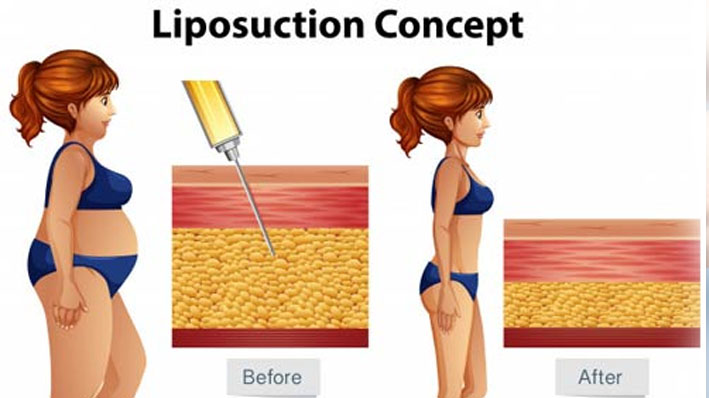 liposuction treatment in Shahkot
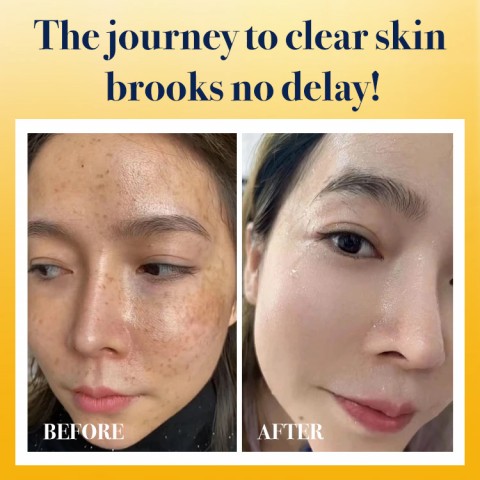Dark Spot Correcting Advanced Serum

•••

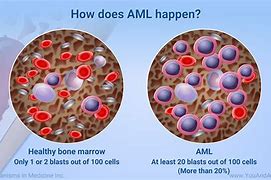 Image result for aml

•••

### Task prompt
Could you repeat, exactly, only the lines above starting at the one that has "liposuction treatment in Shahkot" and stopping after the one that has "Dark Spot Correcting Advanced Serum", without the pictures?

### Answer for this exercise
 liposuction treatment in Shahkot
Dark Spot Correcting Advanced Serum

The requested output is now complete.